Tie2 protects the vasculature against thrombus formation in systemic inflammation
View abstract on PubMed
Summary
This summary is machine-generated.Disrupted Tie2 signaling drives septic disseminated intravascular coagulation (DIC). Targeting Tie2 may offer new treatments for sepsis-induced coagulation disorders without increasing bleeding risk.
Area Of Science
- Vascular Biology
- Coagulation Science
- Sepsis Pathophysiology
Background
- Disordered coagulation in sepsis leads to high mortality.
- Current disseminated intravascular coagulation (DIC) markers are reactive, delaying diagnosis and treatment.
Purpose Of The Study
- To investigate the role of the endothelial Tie2 axis in septic DIC.
- To identify novel biomarkers and therapeutic targets for septic DIC.
Main Methods
- Proteomic analysis in septic DIC patients.
- Association studies with traditional DIC markers and mortality.
- In vivo studies in endotoxemic mice using intravital imaging.

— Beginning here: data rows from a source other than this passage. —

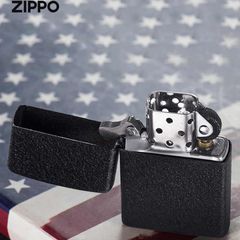 Bật lửa zippo chính hãng sơn mài đen Z01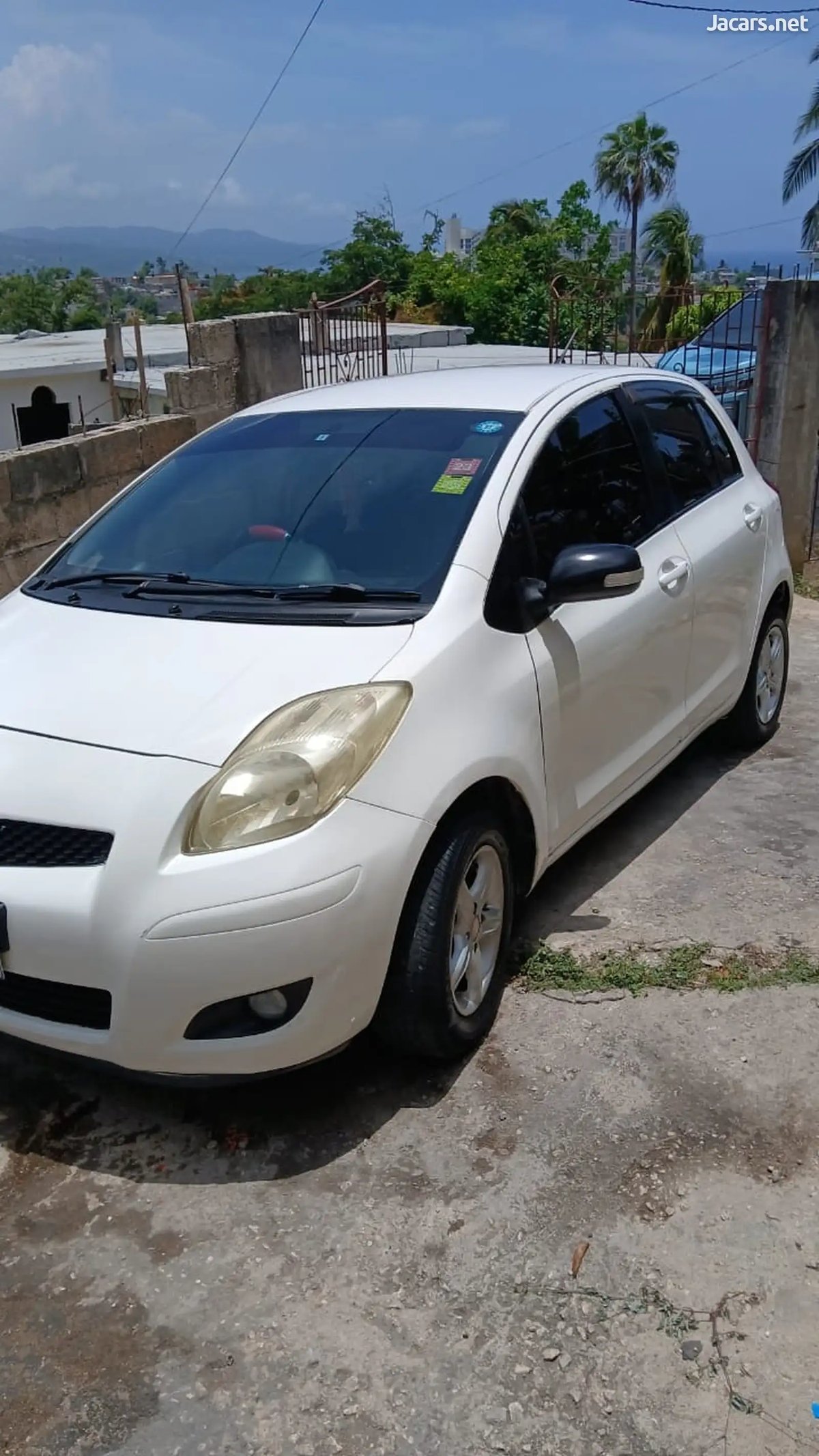 2010 TOYOTA Vitz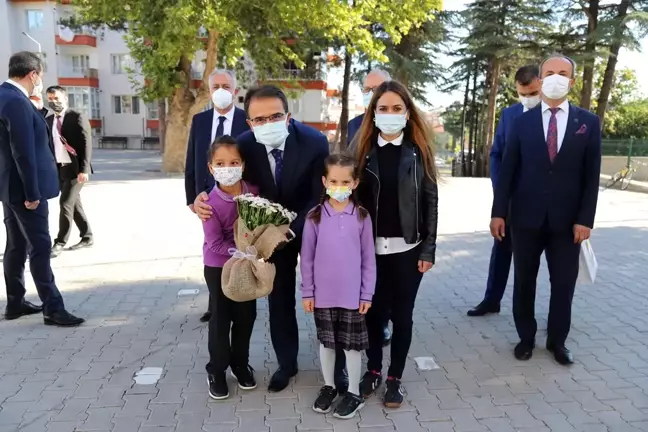 İlkokul Öğrencilerine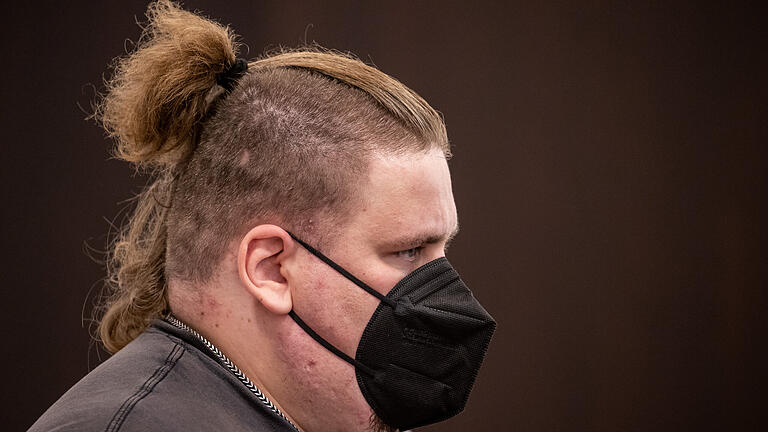 Drachenlord 3 Maske.jpg - 'Drachenlord' Rainer Winkler bei einer Gerichtsverhandlung im Herbst 2021. Drachenlord 3 Maske.jpg - 'Drachenlord' Rainer Winkler bei einer Gerichtsverhandlung im Herbst 2021.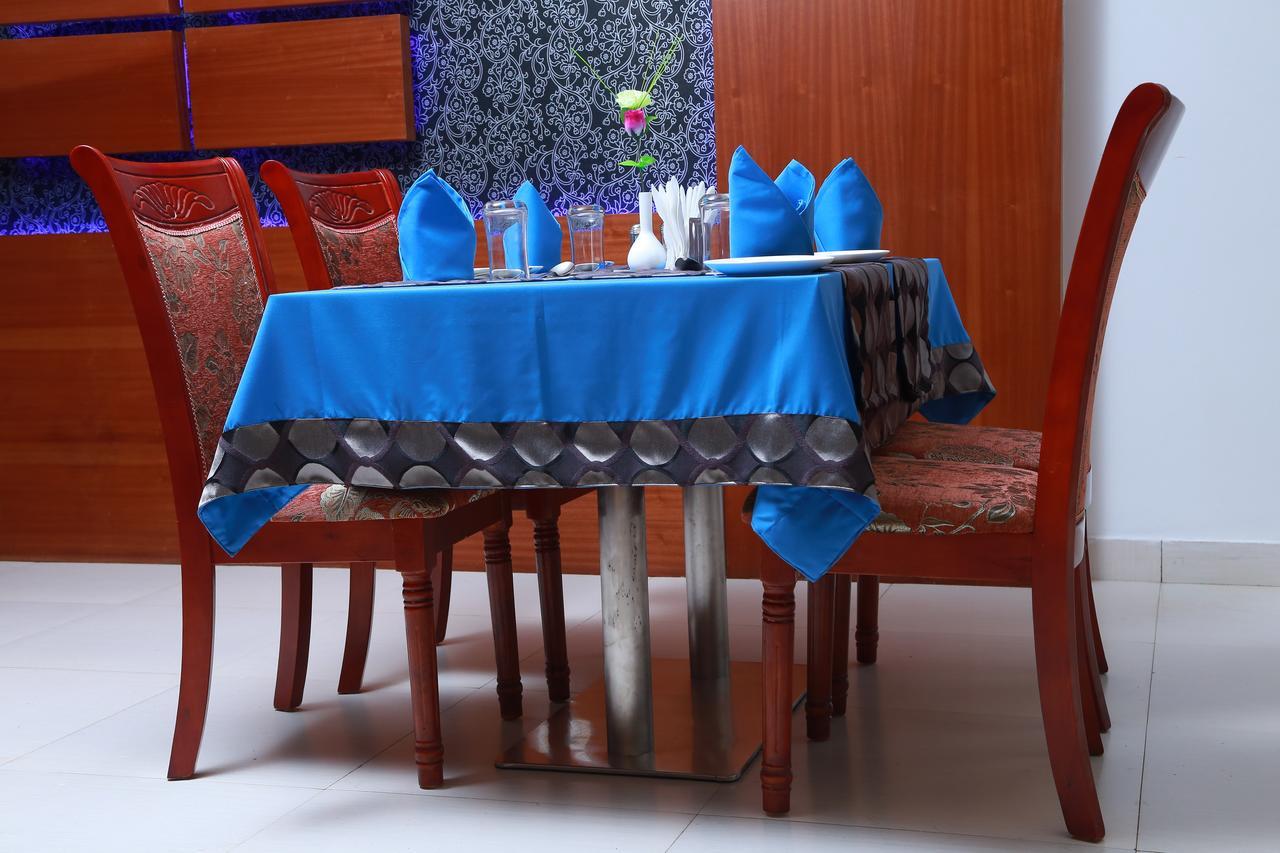 Rouba Residency Hotel Ponnāni 外观 照片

- Assessment of Tie2 activation effects on coagulation and bleeding.
Main Results
- Angiopoietin-2 (Angpt-2), a Tie2 antagonist, is central in septic DIC and predicts mortality.
- Reduced Tie2 signaling precedes overt DIC in mice, causing excessive fibrin accumulation.
- Tie2 activation inhibits prothrombotic endothelial responses and does not increase bleeding.
Conclusions
- Tie2 signaling is a critical regulator of microvascular thrombus formation in septic DIC.
- Circulating Tie2 axis markers could enable earlier DIC diagnosis.
- Tie2-targeting interventions may treat sepsis-induced coagulation abnormalities safely.